The Labor premier of Australia's most populous state entered Parliament in the state seat of Maroubra in 1983, becoming Opposition Leader after Labor's 1988 defeat. After losing a tight election to Nick Greiner's coalition government in 1991, he became Premier in a comfortable victory in 1995 and won comfortably again in 1999 and 2003.
Carr makes no secret of his intellectual leanings, and still occasionally writes book reviews for the major newspapers and appearing on stage at the 2004 Sydney Festival in conversation with Tom Stoppard. Like many contemporary leaders of social-democratic parties, his government preaches responsible financial management, encouragement of market forces, with substantial privatization of government assets such as the electricity industry, and makes much of its "tough on crime" policies, crime being a particular obsession of Sydney and much of its tabloid media.

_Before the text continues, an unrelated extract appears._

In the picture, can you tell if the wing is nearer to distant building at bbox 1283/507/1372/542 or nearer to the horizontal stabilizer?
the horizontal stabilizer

Carr occasionally ventures into national policy issues, particularly environmental issues where he has consistently argued that Australia's population growth is environmentally and socially unsustainable. Until the election of Mark Latham as leader of the Federal Parliamentary Labor Party the continued weakness of federal Labor, particularly in New South Wales, produced continuing rumblings about his co-option to the position. This now seems unlikely.

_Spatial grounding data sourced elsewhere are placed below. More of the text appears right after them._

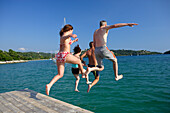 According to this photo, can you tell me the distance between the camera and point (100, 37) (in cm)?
426

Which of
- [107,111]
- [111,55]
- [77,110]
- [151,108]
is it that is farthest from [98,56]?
[151,108]

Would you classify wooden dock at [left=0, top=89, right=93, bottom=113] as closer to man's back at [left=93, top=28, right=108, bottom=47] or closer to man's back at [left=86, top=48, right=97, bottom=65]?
man's back at [left=86, top=48, right=97, bottom=65]

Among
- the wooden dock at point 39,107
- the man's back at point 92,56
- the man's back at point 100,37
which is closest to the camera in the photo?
the man's back at point 100,37

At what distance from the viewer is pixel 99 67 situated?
16.0ft

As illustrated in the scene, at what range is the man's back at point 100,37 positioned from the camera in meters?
4.14

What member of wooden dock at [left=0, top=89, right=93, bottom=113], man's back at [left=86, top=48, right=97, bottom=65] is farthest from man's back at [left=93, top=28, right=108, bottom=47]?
wooden dock at [left=0, top=89, right=93, bottom=113]

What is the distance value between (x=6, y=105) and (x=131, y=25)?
888cm

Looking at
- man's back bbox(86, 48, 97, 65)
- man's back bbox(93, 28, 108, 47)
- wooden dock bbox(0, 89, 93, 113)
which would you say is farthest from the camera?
wooden dock bbox(0, 89, 93, 113)

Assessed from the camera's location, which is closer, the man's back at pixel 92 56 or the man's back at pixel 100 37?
the man's back at pixel 100 37

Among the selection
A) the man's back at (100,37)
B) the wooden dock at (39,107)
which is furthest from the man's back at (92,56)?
the wooden dock at (39,107)

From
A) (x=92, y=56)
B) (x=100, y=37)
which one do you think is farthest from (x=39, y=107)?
(x=100, y=37)

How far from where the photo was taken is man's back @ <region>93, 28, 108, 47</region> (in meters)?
4.14

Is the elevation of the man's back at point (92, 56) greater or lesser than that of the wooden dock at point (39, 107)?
greater

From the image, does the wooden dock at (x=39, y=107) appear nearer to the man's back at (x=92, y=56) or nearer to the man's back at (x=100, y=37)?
the man's back at (x=92, y=56) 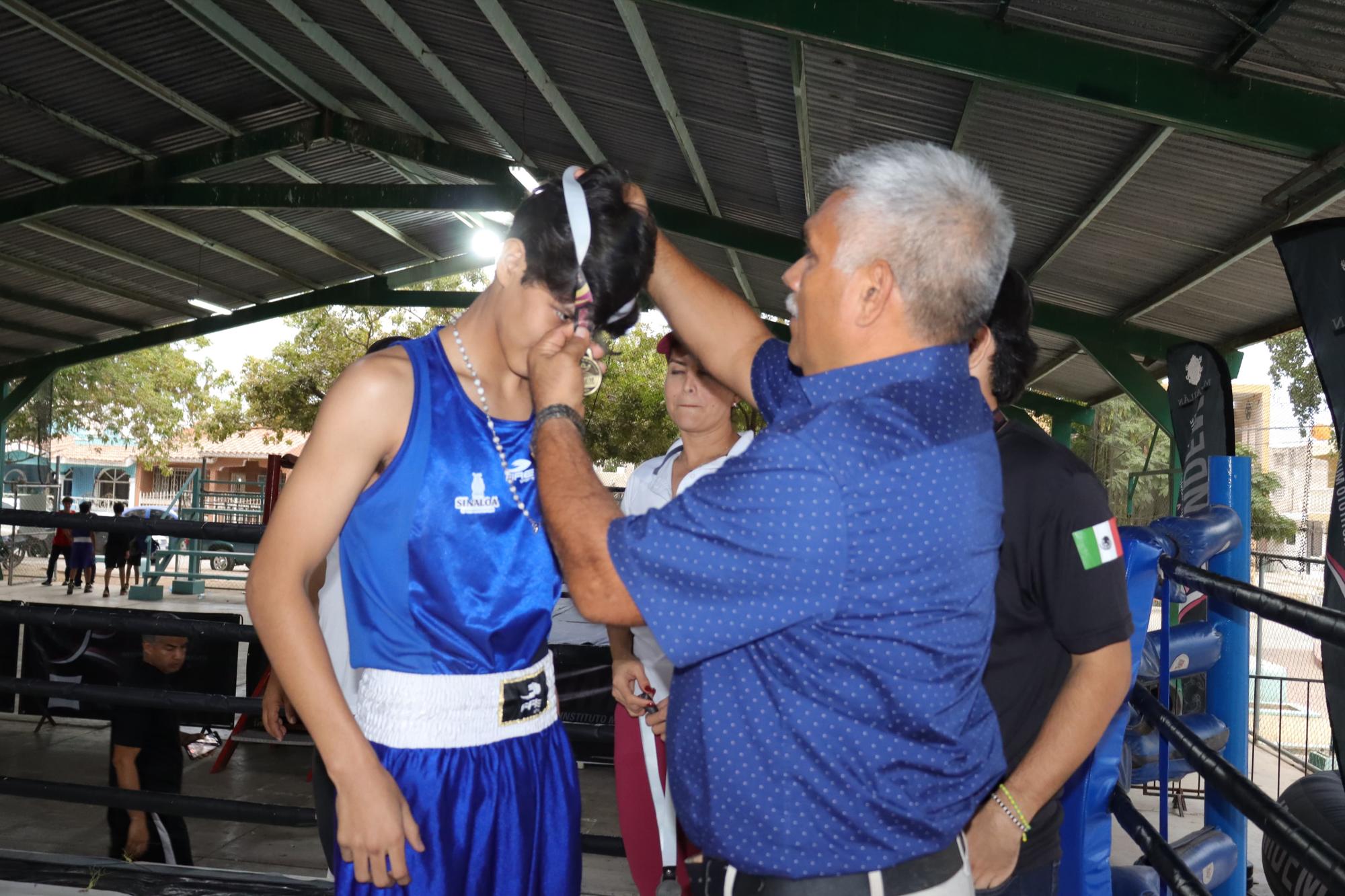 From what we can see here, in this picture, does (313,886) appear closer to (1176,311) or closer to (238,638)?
(238,638)

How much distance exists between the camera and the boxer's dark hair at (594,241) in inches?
60.1

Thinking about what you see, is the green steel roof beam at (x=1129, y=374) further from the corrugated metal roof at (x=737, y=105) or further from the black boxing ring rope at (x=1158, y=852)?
the black boxing ring rope at (x=1158, y=852)

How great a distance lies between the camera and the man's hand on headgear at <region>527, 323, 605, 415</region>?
1479mm

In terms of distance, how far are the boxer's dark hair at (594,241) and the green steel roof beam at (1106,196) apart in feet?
14.7

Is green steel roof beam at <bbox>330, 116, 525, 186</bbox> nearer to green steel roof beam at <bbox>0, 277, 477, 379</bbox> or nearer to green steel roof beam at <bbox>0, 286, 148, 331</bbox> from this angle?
green steel roof beam at <bbox>0, 277, 477, 379</bbox>

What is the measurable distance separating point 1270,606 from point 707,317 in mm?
1092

Bob Carr is the author of several books, the best known being Thoughtlines (Viking, 2002). He is also an acknowledged expert on the lives and times of some of the more obscure Presidents and Vice-Presidents of the United States.
In May 2003 a biography "Bob Carr: The Reluctant Leader" by Marilyn Dodkin was published to some acclaim partly as it was based on Carr's private diaries and included his often not complimentary thoughts on various political personalities. A second biography 'Bob Carr - A Self-Made Man" by Andrew West and Rachel Morris was published in September 2003 by Harper Collins.